Products & Technology

Improve Observability with OpenTelemetry and Consul Service Mesh

Add OpenTelemetry to your Java or .NET applications on Kubernetes and combine them with Consul service mesh metrics and traces for use with Prometheus and Jaeger.

May 06 2022Rosemary Wang

Collecting metrics and traces from your applications can help you monitor and debug your system. However, setting up and collecting telemetry often requires refactoring applications, standardizing telemetry formats, and identifying connectivity to observability systems. You can simplify your telemetry by standardizing on OpenTelemetry: a cross-company, CNCF-backed standard. OpenTelemetry has drop-in instrumentation for popular application frameworks and standardizes traces across different formats.

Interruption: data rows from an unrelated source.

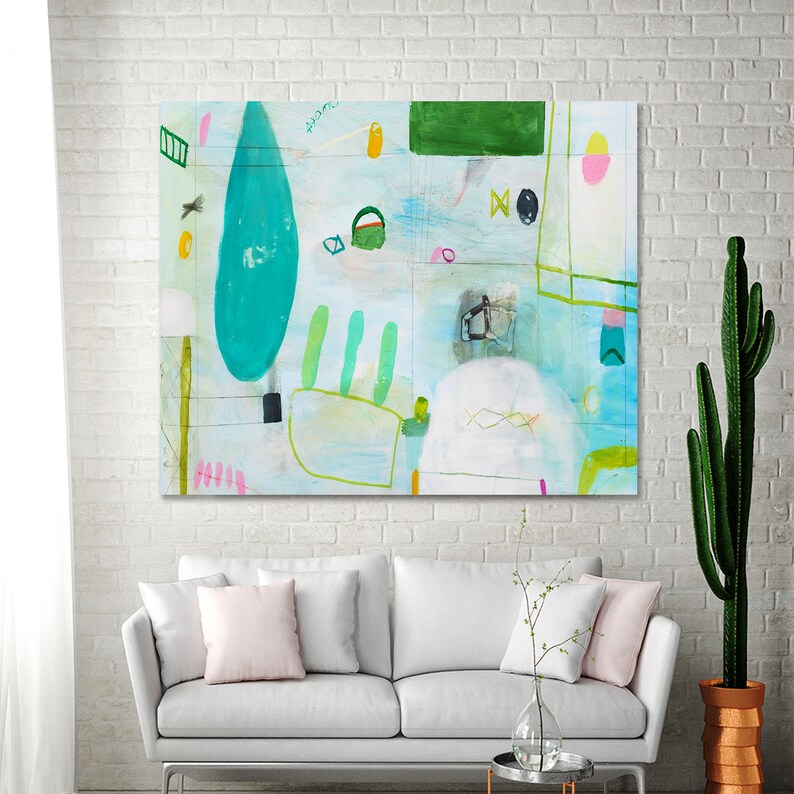 Extra Large Print of Abstract Art With Pastel Blue White and Etsy
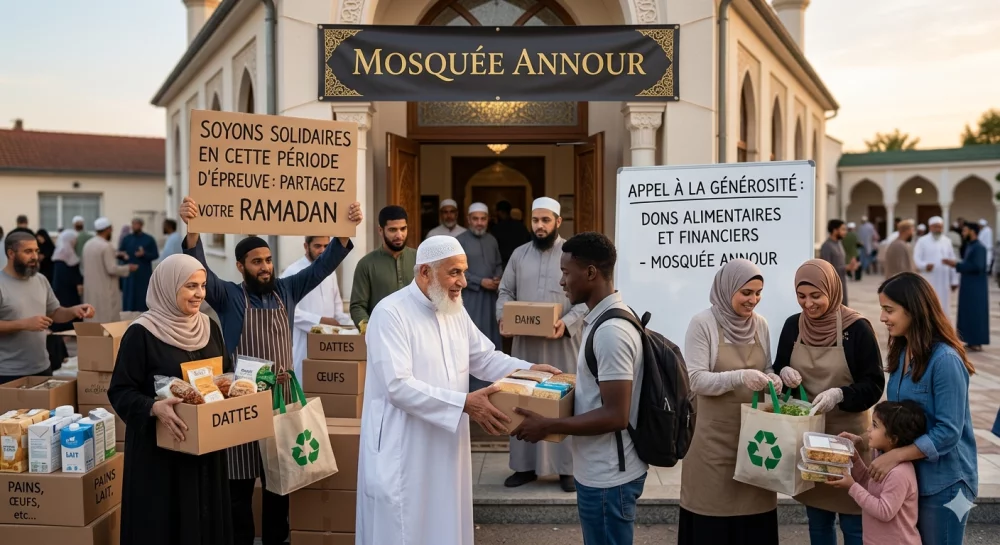 Distribution alimentaire de la Mosquée Annour d'Orléans pendant le Ramadan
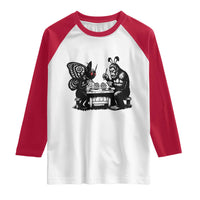 Funny Bigfoot And Mothman Egg Painting Raglan Shirt Cryptid Easter Gift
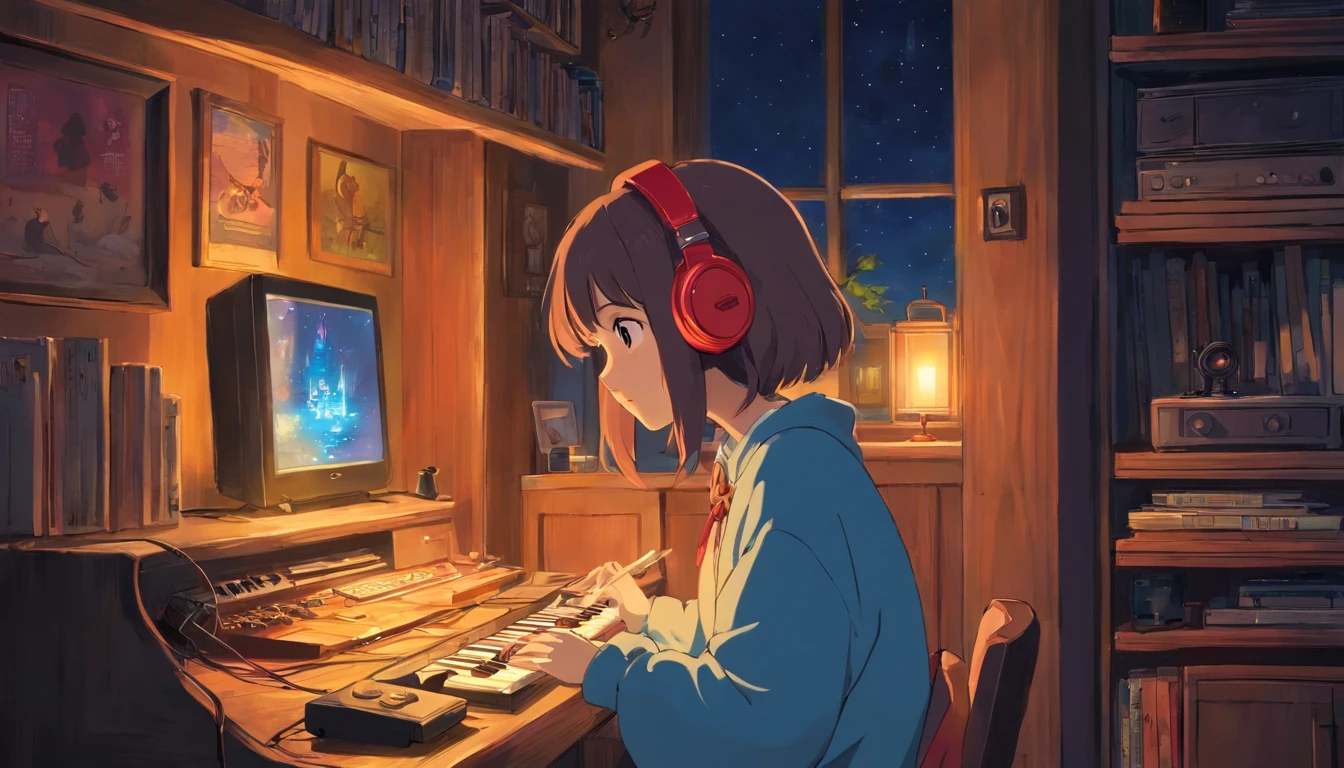 Girl listening to music in a cozy room at night, Usando fones de ouvido, Anime estilo 2D, Lo-fi, hd, Ambiente escuro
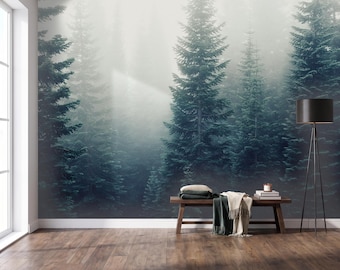Evergreen Foggy Forest Wall Mural - Peel and Stick, Non-woven Moody Wallpaper Print Bedroom Living Room Nature Wall Decor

If you add application telemetry standardized by OpenTelemetry, you can combine metrics and traces with service mesh telemetry. By collecting telemetry from HashiCorp Consul service mesh, you can observe service-to-service communication across multiple environments through proxies. This blog post shows how to configure OpenTelemetry with Consul service mesh, Zipkin, Spring and ASP.NET apps, Jaeger, and Prometheus. It includes a concrete example using OpenTelemetry to simplify and standardize telemetry from applications and service mesh proxies.

»Service Mesh Telemetry

Service mesh proxies offer two forms of telemetry, metrics and traces. Both track requests and response codes for services through their proxies. However, tracing requires additional instrumentation in your application to support the propagation of trace context.

OpenTelemetry is a collection of tools, APIs, and SDKs for generating and exporting telemetry such as metrics and traces. It offers a standard to export metrics and traces in the format of your choice. In order to set up end-to-end tracing, you must configure OpenTelemetry to export traces with the same format as your service mesh proxies.

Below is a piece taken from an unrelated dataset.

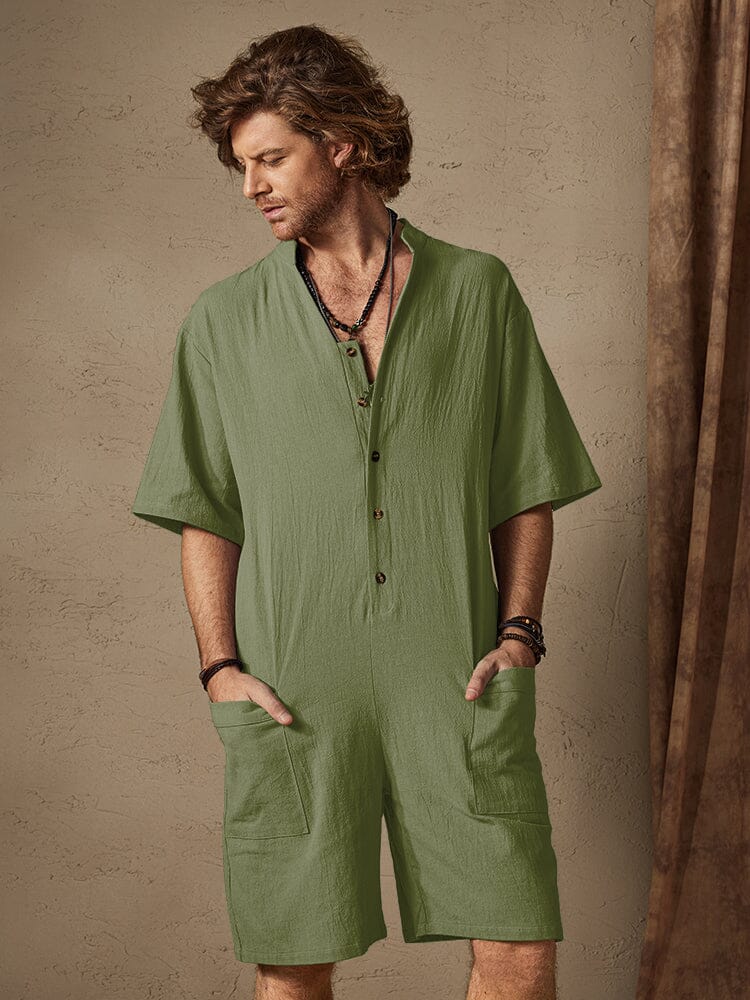 Baumwolle Stil Stand Kragen Jumpsuit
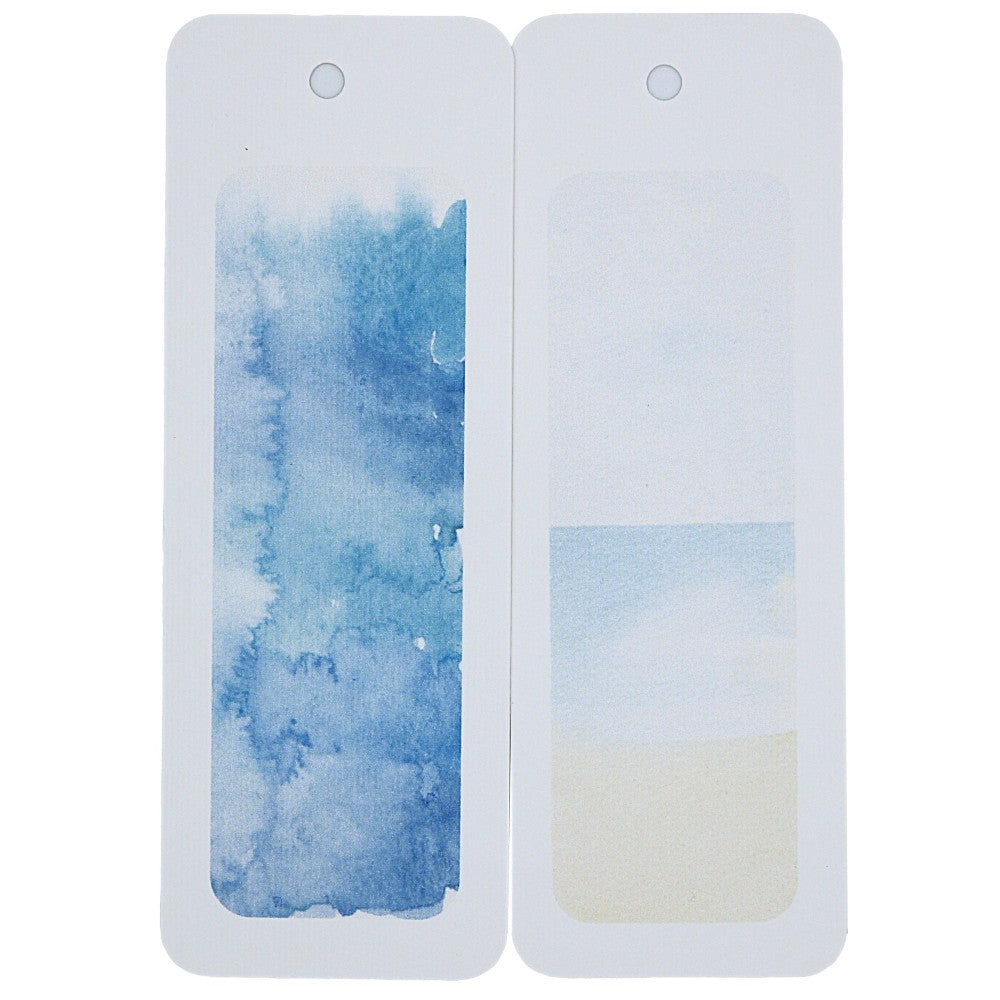 Lesezeichen Kreativset Meer: Zwei weitere Aquarell-Hintergründe in Blau- und Sandtönen mit Loch für Quasten, ideal zum Selbstgestalten.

The example in this post adds the OpenTelemetry Prometheus and Zipkin exporters to .NET and Java applications on Kubernetes. The metrics and traces from applications get merged with telemetry from the service mesh and collected by Prometheus and Jaeger.

»Metrics

To enable service mesh proxy and application metrics, you need to configure Prometheus exporters for the proxy and the application. However, Prometheus cannot access the application’s metrics in a service mesh, because the service mesh does not expose the metrics address.

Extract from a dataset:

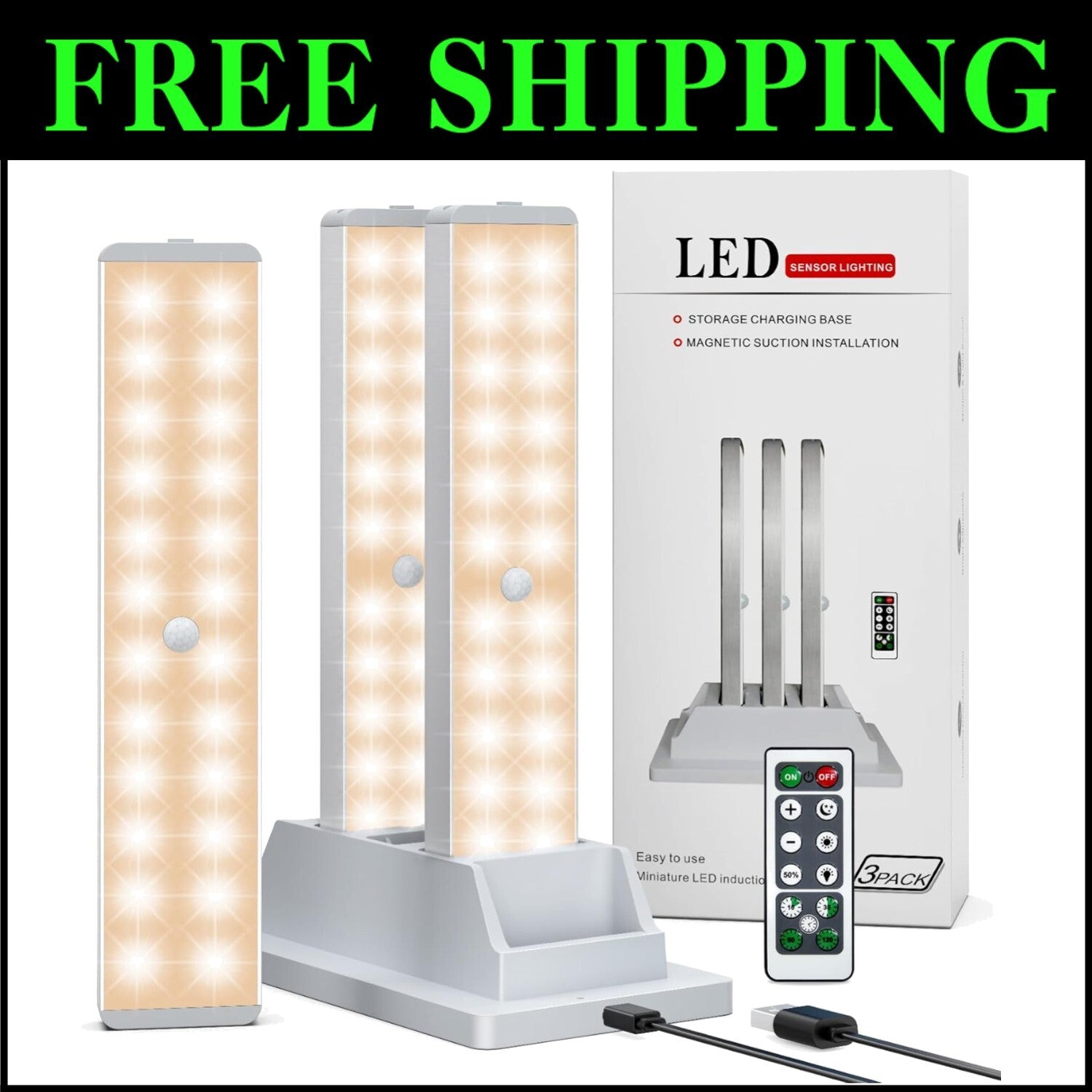 Wireless LED Closet Lights with Remote & Dimming - Perfect for Home Safety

Instead, you need to configure the proxy to merge metrics from the application’s metrics endpoint with the proxy’s metrics. Metrics merging exposes the application and proxy metrics over the proxy’s metrics endpoint. In this section, you’ll learn to configure proxy and application metrics and enable metrics merging.

»Service Mesh

First, configure Consul service mesh to expose Envoy metrics to Prometheus or other metrics servers. If you want to enable Envoy metrics for all services, you can deploy Consul with global.metrics.enabled set to true in the Consul Helm chart values.

global:
  metrics:
    enabled: true

Alternatively, you can create a configuration entry for a proxy default and define the envoy_prometheus_bind_addr. The attribute exposes the Envoy metrics to the address and port of your choice, such as 0.0.0.0:20200, for Prometheus to scrape.

apiVersion: consul.hashicorp.com/v1alpha1
kind: ProxyDefaults
metadata:
 name: global
spec:
 config:
   envoy_prometheus_bind_addr: "0.0.0.0:20200"

Expose other metrics formats by referring to documentation on bootstrap configuration. When you deploy a service to the service mesh and scrape the Prometheus metrics endpoint at 127.0.0.1:20200/metrics, you get a set of Envoy metrics:

$ kubectl exec -it <your application’s pod> -c envoy-sidecar -- wget -qO- 127.0.0.1:20200/metrics | head -n 10
 
# TYPE envoy_cluster_assignment_stale counter
envoy_cluster_assignment_stale{local_cluster="expense",consul_source_service="expense",consul_source_namespace="default",consul_source_partition="default",consul_source_datacenter="useast",envoy_cluster_name="expense-db-mssql",consul_destination_custom_hash="",consul_destination_service_subset="",consul_destination_service="expense-db-mssql",consul_destination_namespace="default",consul_destination_partition="",consul_destination_datacenter="useast",consul_destination_routing_type="internal",consul_destination_trust_domain="756fa1fd-a15a-904f-5f6c-b66c3b42f27b",consul_destination_target="expense-db-mssql.default.useast",consul_destination_full_target="expense-db-mssql.default.useast.internal.756fa1fd-a15a-904f-5f6c-b66c3b42f27b",consul_custom_hash="",consul_service_subset="",consul_service="expense-db-mssql",consul_namespace="default",consul_datacenter="useast",consul_routing_type="internal",consul_trust_domain="756fa1fd-a15a-904f-5f6c-b66c3b42f27b",consul_target="expense-db-mssql.default.useast",consul_full_target="expense-db-mssql.default.useast.internal.756fa1fd-a15a-904f-5f6c-b66c3b42f27b"} 0
 
## omitted for clarity

While the Envoy metrics include upstream and downstream connection information, you will likely want additional metrics tracking the number of transactions or time spent on certain code within your application. To supplement the proxy metrics, you can add additional instrumentation with OpenTelemetry to your application code. OpenTelemetry instrumentation provides detailed information specific to your application’s runtime environment.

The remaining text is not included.